O usuário de um sistema de IA não deve enfrentar discriminação por algoritmos e os sistemas devem ser usados e projetados de forma equitativa.

De acordo com o documento, a discriminação algorítmica ocorre quando os sistemas automatizados contribuem para tratamentos diferentes injustificados ou impactam desfavorecendo as pessoas com base em sua raça, cor, etnia, sexo (incluindo gravidez, parto e condições médicas relacionadas, identidade de gênero, status interssexual e orientação sexual), religião, idade, nacionalidade, deficiência, status de veterano, informações genéticas ou qualquer outra classificação protegida por lei. O desenvolvedor deve tomar medidas proativas para que isso não ocorra.

Dados privados

As empresas devem proteger o usuário de práticas abusivas de dados por meio de proteções integradas e deve ter controle sobre como os dados pessoais são usados. O cidadão deve estar protegido contra violações de privacidade por meio de escolhas de design que garantam que tais proteções sejam incluídas por padrão, inclusive garantindo que a coleta de dados esteja em conformidade com as expectativas razoáveis e que apenas os dados estritamente necessários para o contexto específico sejam coletados.

Quaisquer solicitações de consentimento devem ser breves, compreensíveis em linguagem simples e fornecer ao usuário gerência sobre a coleta de dados e o contexto específico de uso.

Em domínios sensíveis, dados e inferências relacionadas devem ser usados apenas para as funções necessárias, e o usuário deve estar protegido por revisão ética e proibições de uso.

A população deve estar livre de vigilância descontrolada; as tecnologias de vigilância devem estar sujeitas a uma supervisão intensificada que inclua pelo menos uma avaliação pré-implantação de seus danos potenciais e limites de escopo para proteger a privacidade e as liberdades civis.

Aviso e Explicação

Os sistemas automatizados devem estar em evidência, de modo que seu usuário perceba que ele está conversando com uma máquina e não com um humano.

Projetistas, desenvolvedores e implementadores de sistemas automatizados devem fornecer documentação em linguagem simples, acessível, incluindo descrições claras do funcionamento geral do sistema e o papel que a automação desempenha. Esse aviso deve ser mantido atualizado e as pessoas afetadas pelo sistema devem ser notificadas sobre caso de uso significativo ou alterações de funcionalidade chave.

Alternativas humanas, consideração e fallback

O usuário deverá ter a opção, se assim o desejar, de acessar um humano enquanto se relaciona com um sistema automatizado.

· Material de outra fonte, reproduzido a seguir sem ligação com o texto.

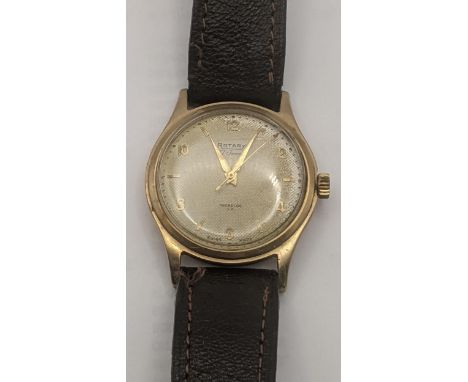 9ct yellow gold cased gents Rotary wrist watch on a brown leather strap., total weight 37.7gLocation:If there is no condition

A opção humana e o fallback devem ser acessíveis, equitativos, eficazes, mantidos, acompanhados de treinamento apropriado do operador.

Na Europa e no Brasil

Ao contrário da Declaração de Direitos em IA dos Estados Unidos – que é uma série de princípios e recomendações – a Europa avança com uma regulação para todos, empresas e setor público. Em abril do ano passado, a União Europeia apresentou o primeiro esboço da lei que procura estabelecer regras para a operação de sistemas de inteligência artificial considerados de “alto risco”. Outros objetivos são: definir regras para transparência de sistemas de IA que interagem com pessoas; e regras para sistemas de IA que geram e manipulam imagens, áudios e vídeos.

No Brasil, o governo criou, também em abril de 2021, a Estratégia Brasileira de Inteligência Artificial (EBIA), com propósito semelhante ao estadunidense: criar diretrizes estabelecidas pelo governo federal para guiar políticas públicas no desenvolvimento e no uso de inteligência artificial. O documento, contudo, foi criticado por especialistas à época por ser vago.